EXERCISE OBJECTIVE » Copy the entries out again in full.

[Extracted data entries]
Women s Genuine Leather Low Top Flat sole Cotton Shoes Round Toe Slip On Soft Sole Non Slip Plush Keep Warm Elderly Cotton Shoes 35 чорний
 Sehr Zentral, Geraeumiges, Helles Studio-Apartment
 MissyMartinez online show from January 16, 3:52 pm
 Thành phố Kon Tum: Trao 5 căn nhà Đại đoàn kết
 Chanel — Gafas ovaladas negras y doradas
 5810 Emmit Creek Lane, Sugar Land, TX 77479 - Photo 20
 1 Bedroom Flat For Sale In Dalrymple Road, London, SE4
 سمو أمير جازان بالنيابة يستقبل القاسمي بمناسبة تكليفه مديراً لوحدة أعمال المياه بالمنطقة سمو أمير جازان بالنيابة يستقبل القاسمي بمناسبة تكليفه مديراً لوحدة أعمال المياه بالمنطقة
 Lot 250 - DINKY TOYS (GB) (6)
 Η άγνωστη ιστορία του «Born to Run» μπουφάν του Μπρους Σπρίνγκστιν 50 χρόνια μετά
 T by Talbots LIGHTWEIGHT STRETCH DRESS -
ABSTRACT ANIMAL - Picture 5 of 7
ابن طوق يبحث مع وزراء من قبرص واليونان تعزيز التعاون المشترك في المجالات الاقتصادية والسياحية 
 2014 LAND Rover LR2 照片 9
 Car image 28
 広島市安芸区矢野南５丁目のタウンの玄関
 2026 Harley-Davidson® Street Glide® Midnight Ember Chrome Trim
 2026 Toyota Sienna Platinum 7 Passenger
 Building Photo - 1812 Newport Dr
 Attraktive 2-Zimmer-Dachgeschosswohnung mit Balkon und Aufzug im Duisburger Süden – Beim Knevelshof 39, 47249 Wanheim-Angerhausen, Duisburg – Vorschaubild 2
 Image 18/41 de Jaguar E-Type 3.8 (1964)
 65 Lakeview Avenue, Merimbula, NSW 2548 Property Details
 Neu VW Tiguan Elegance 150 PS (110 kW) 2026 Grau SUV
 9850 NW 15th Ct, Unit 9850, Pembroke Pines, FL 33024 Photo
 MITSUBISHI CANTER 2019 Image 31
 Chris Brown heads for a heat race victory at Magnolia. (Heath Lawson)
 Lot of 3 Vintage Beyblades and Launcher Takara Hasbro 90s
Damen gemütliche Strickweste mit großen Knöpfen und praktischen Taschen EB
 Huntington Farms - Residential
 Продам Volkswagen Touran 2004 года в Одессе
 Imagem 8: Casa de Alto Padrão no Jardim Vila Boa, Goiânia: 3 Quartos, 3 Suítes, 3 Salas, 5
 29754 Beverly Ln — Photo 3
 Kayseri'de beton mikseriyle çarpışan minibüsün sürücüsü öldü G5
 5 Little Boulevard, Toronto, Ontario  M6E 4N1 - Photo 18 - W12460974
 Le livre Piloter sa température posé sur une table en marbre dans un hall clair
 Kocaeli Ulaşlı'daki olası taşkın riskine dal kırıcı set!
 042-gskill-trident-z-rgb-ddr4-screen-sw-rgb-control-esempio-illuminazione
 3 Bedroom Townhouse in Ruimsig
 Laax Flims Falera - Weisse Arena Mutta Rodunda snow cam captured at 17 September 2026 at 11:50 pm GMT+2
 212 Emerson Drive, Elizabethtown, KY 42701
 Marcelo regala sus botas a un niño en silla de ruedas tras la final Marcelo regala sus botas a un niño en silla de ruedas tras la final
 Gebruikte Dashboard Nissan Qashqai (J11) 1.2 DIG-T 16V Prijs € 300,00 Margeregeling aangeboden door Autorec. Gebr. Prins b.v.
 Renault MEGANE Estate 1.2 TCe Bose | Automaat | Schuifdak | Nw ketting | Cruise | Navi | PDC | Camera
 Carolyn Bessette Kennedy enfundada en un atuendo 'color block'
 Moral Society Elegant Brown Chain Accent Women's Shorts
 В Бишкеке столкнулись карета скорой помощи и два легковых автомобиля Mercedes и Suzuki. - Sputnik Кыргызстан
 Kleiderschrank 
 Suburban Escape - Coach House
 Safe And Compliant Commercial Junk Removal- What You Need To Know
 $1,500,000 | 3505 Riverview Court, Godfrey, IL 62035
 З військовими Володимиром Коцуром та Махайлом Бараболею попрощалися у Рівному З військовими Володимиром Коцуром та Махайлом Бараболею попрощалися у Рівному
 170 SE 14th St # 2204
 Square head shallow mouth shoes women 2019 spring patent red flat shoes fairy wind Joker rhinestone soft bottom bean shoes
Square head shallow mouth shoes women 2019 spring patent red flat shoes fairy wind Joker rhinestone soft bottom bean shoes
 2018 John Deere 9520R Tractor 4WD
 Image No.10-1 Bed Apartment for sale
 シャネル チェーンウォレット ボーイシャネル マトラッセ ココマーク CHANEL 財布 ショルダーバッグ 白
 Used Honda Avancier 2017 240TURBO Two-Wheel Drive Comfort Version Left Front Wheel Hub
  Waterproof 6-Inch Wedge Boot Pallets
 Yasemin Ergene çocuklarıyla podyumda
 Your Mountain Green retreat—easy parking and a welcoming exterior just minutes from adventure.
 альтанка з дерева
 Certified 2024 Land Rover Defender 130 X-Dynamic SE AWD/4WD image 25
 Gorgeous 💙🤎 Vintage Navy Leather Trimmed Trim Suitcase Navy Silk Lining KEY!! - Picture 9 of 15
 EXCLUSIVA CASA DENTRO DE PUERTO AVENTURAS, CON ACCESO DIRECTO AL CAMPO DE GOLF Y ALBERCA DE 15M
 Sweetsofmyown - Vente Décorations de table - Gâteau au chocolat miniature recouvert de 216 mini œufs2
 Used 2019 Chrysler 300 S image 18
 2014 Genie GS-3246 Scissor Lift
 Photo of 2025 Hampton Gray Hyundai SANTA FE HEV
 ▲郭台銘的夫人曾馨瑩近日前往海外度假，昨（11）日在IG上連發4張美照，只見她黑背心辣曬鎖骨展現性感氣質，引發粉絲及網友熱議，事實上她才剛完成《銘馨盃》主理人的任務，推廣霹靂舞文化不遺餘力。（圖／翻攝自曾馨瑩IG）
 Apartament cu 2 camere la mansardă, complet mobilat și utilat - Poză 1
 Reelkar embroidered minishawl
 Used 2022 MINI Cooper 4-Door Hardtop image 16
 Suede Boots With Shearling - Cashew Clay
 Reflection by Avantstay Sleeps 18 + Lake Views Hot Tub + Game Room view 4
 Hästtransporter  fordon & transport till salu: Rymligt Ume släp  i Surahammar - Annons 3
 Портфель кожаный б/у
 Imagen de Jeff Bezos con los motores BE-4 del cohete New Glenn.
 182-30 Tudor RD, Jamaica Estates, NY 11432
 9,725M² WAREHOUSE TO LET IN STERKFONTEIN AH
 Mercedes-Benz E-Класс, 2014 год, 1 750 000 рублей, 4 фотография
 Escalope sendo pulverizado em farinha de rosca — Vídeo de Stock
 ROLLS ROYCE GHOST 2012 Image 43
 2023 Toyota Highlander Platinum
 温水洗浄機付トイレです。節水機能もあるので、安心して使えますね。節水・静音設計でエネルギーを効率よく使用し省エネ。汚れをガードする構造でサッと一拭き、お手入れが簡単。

ANSWER SECTION »
Women s Genuine Leather Low Top Flat sole Cotton Shoes Round Toe Slip On Soft Sole Non Slip Plush Keep Warm Elderly Cotton Shoes 35 чорний
 Sehr Zentral, Geraeumiges, Helles Studio-Apartment
 MissyMartinez online show from January 16, 3:52 pm
 Thành phố Kon Tum: Trao 5 căn nhà Đại đoàn kết
 Chanel — Gafas ovaladas negras y doradas
 5810 Emmit Creek Lane, Sugar Land, TX 77479 - Photo 20
 1 Bedroom Flat For Sale In Dalrymple Road, London, SE4
 سمو أمير جازان بالنيابة يستقبل القاسمي بمناسبة تكليفه مديراً لوحدة أعمال المياه بالمنطقة سمو أمير جازان بالنيابة يستقبل القاسمي بمناسبة تكليفه مديراً لوحدة أعمال المياه بالمنطقة
 Lot 250 - DINKY TOYS (GB) (6)
 Η άγνωστη ιστορία του «Born to Run» μπουφάν του Μπρους Σπρίνγκστιν 50 χρόνια μετά
 T by Talbots LIGHTWEIGHT STRETCH DRESS -
ABSTRACT ANIMAL - Picture 5 of 7
ابن طوق يبحث مع وزراء من قبرص واليونان تعزيز التعاون المشترك في المجالات الاقتصادية والسياحية 
 2014 LAND Rover LR2 照片 9
 Car image 28
 広島市安芸区矢野南５丁目のタウンの玄関
 2026 Harley-Davidson® Street Glide® Midnight Ember Chrome Trim
 2026 Toyota Sienna Platinum 7 Passenger
 Building Photo - 1812 Newport Dr
 Attraktive 2-Zimmer-Dachgeschosswohnung mit Balkon und Aufzug im Duisburger Süden – Beim Knevelshof 39, 47249 Wanheim-Angerhausen, Duisburg – Vorschaubild 2
 Image 18/41 de Jaguar E-Type 3.8 (1964)
 65 Lakeview Avenue, Merimbula, NSW 2548 Property Details
 Neu VW Tiguan Elegance 150 PS (110 kW) 2026 Grau SUV
 9850 NW 15th Ct, Unit 9850, Pembroke Pines, FL 33024 Photo
 MITSUBISHI CANTER 2019 Image 31
 Chris Brown heads for a heat race victory at Magnolia. (Heath Lawson)
 Lot of 3 Vintage Beyblades and Launcher Takara Hasbro 90s
Damen gemütliche Strickweste mit großen Knöpfen und praktischen Taschen EB
 Huntington Farms - Residential
 Продам Volkswagen Touran 2004 года в Одессе
 Imagem 8: Casa de Alto Padrão no Jardim Vila Boa, Goiânia: 3 Quartos, 3 Suítes, 3 Salas, 5
 29754 Beverly Ln — Photo 3
 Kayseri'de beton mikseriyle çarpışan minibüsün sürücüsü öldü G5
 5 Little Boulevard, Toronto, Ontario  M6E 4N1 - Photo 18 - W12460974
 Le livre Piloter sa température posé sur une table en marbre dans un hall clair
 Kocaeli Ulaşlı'daki olası taşkın riskine dal kırıcı set!
 042-gskill-trident-z-rgb-ddr4-screen-sw-rgb-control-esempio-illuminazione
 3 Bedroom Townhouse in Ruimsig
 Laax Flims Falera - Weisse Arena Mutta Rodunda snow cam captured at 17 September 2026 at 11:50 pm GMT+2
 212 Emerson Drive, Elizabethtown, KY 42701
 Marcelo regala sus botas a un niño en silla de ruedas tras la final Marcelo regala sus botas a un niño en silla de ruedas tras la final
 Gebruikte Dashboard Nissan Qashqai (J11) 1.2 DIG-T 16V Prijs € 300,00 Margeregeling aangeboden door Autorec. Gebr. Prins b.v.
 Renault MEGANE Estate 1.2 TCe Bose | Automaat | Schuifdak | Nw ketting | Cruise | Navi | PDC | Camera
 Carolyn Bessette Kennedy enfundada en un atuendo 'color block'
 Moral Society Elegant Brown Chain Accent Women's Shorts
 В Бишкеке столкнулись карета скорой помощи и два легковых автомобиля Mercedes и Suzuki. - Sputnik Кыргызстан
 Kleiderschrank 
 Suburban Escape - Coach House
 Safe And Compliant Commercial Junk Removal- What You Need To Know
 $1,500,000 | 3505 Riverview Court, Godfrey, IL 62035
 З військовими Володимиром Коцуром та Махайлом Бараболею попрощалися у Рівному З військовими Володимиром Коцуром та Махайлом Бараболею попрощалися у Рівному
 170 SE 14th St # 2204
 Square head shallow mouth shoes women 2019 spring patent red flat shoes fairy wind Joker rhinestone soft bottom bean shoes
Square head shallow mouth shoes women 2019 spring patent red flat shoes fairy wind Joker rhinestone soft bottom bean shoes
 2018 John Deere 9520R Tractor 4WD
 Image No.10-1 Bed Apartment for sale
 シャネル チェーンウォレット ボーイシャネル マトラッセ ココマーク CHANEL 財布 ショルダーバッグ 白
 Used Honda Avancier 2017 240TURBO Two-Wheel Drive Comfort Version Left Front Wheel Hub
  Waterproof 6-Inch Wedge Boot Pallets
 Yasemin Ergene çocuklarıyla podyumda
 Your Mountain Green retreat—easy parking and a welcoming exterior just minutes from adventure.
 альтанка з дерева
 Certified 2024 Land Rover Defender 130 X-Dynamic SE AWD/4WD image 25
 Gorgeous 💙🤎 Vintage Navy Leather Trimmed Trim Suitcase Navy Silk Lining KEY!! - Picture 9 of 15
 EXCLUSIVA CASA DENTRO DE PUERTO AVENTURAS, CON ACCESO DIRECTO AL CAMPO DE GOLF Y ALBERCA DE 15M
 Sweetsofmyown - Vente Décorations de table - Gâteau au chocolat miniature recouvert de 216 mini œufs2
 Used 2019 Chrysler 300 S image 18
 2014 Genie GS-3246 Scissor Lift
 Photo of 2025 Hampton Gray Hyundai SANTA FE HEV
 ▲郭台銘的夫人曾馨瑩近日前往海外度假，昨（11）日在IG上連發4張美照，只見她黑背心辣曬鎖骨展現性感氣質，引發粉絲及網友熱議，事實上她才剛完成《銘馨盃》主理人的任務，推廣霹靂舞文化不遺餘力。（圖／翻攝自曾馨瑩IG）
 Apartament cu 2 camere la mansardă, complet mobilat și utilat - Poză 1
 Reelkar embroidered minishawl
 Used 2022 MINI Cooper 4-Door Hardtop image 16
 Suede Boots With Shearling - Cashew Clay
 Reflection by Avantstay Sleeps 18 + Lake Views Hot Tub + Game Room view 4
 Hästtransporter  fordon & transport till salu: Rymligt Ume släp  i Surahammar - Annons 3
 Портфель кожаный б/у
 Imagen de Jeff Bezos con los motores BE-4 del cohete New Glenn.
 182-30 Tudor RD, Jamaica Estates, NY 11432
 9,725M² WAREHOUSE TO LET IN STERKFONTEIN AH
 Mercedes-Benz E-Класс, 2014 год, 1 750 000 рублей, 4 фотография
 Escalope sendo pulverizado em farinha de rosca — Vídeo de Stock
 ROLLS ROYCE GHOST 2012 Image 43
 2023 Toyota Highlander Platinum
 温水洗浄機付トイレです。節水機能もあるので、安心して使えますね。節水・静音設計でエネルギーを効率よく使用し省エネ。汚れをガードする構造でサッと一拭き、お手入れが簡単。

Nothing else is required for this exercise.